To chants of “Raise that barn,” a framework of weathered timbers suspended from a crane was guided into place Tuesday at the Buffalo Zoo, launching both construction of the Delta Sonic Heritage Farm exhibit and the $35.6 million second phase of zoo redevelopment.

The heavy beams will hold up one side of a historic barn that was dismantled in North Tonawanda in April and is being reassembled as the centerpiece of a new children’s zoo portraying rural life along the Erie Canal in the 19th century.

The homestead setting, in a space formerly occupied by the guanaco and mouflon habitats and a carousel, will feature farm animals, a wetlands area and a replica canal lock.

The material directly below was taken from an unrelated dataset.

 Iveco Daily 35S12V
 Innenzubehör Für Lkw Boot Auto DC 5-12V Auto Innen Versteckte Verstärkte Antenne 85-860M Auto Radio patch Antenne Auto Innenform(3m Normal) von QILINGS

In line with the zoo’s new waterthemed master plan, the exhibit will be designed to help visitors understand the importance of water to wildlife and of farm animals to the region’s development, as well as the canal’s role in transporting crops and other goods during the 1800s.

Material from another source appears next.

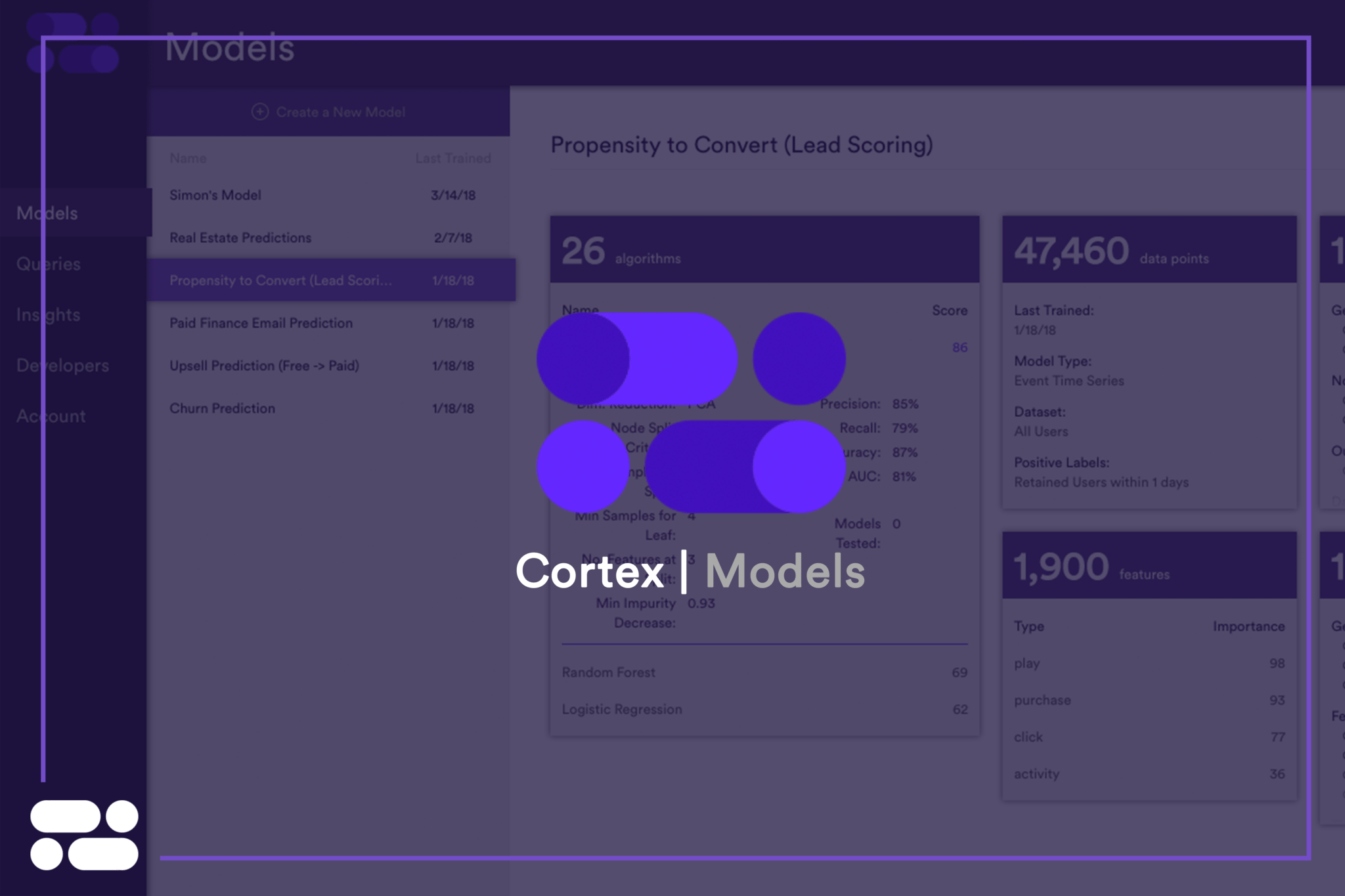 feature engineering modules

It is expected to open sometime in April.

Funding for the $1.75 million project includes $1 million from Erie County; $400,000 from the state Office of Parks, Recreation and Historic Preservation; $250,000 from the Benderson family, owners of the Delta Sonic car wash chain; and $100,000 from the NxGen program of East Hill Foundation. The Bendersons also gave $250,000 to support an educational program for the exhibit.

The 35-by-45-square-foot dairy barn from the former Harold Mittelstaadt farm on Shawnee Road was donated by the David Homes company, which bought the property for residential development.

The gesture beat dumping the old but reusable wood in a landfill, said owner David Stapleton, whose company late this week will start building a new environmentally friendly home for a deserving Buffalo family for an episode of ABC-TV’s “Extreme Makeover: Home Edition.”

“It took about 10 seconds” to commit taxpayer dollars to Heritage Farm, said County Executive Chris Collins, who praised the nation’s third-oldest zoo for remaking itself into a modern tourist attraction.

“They have a plan — imagine that!” Collins said, holding up the new exhibit as a model of cooperation between the public and private sectors. “This is money well spent — money justified.”

He may be right, but completing Phase II of the $75 million zoo rebuilding program, now in its eighth year, may be a tall order given the current bleak investment climate.

The agenda is headed by a $15.7 million Arctic exhibit and a $10.2 million African savanna as well as a new entry plaza and outdoor homes for gorillas and birds of prey.

“It’s pretty ambitious,” Zoo Chairman Hal Payne conceded at a recent board meeting.

Zoo President Donna M. Fernandes seems more than ready to plow ahead.

“If everyone picks up one of the hammers we’ve provided,” she told onlookers at the barn-raising ceremony, “we can finish this project today.”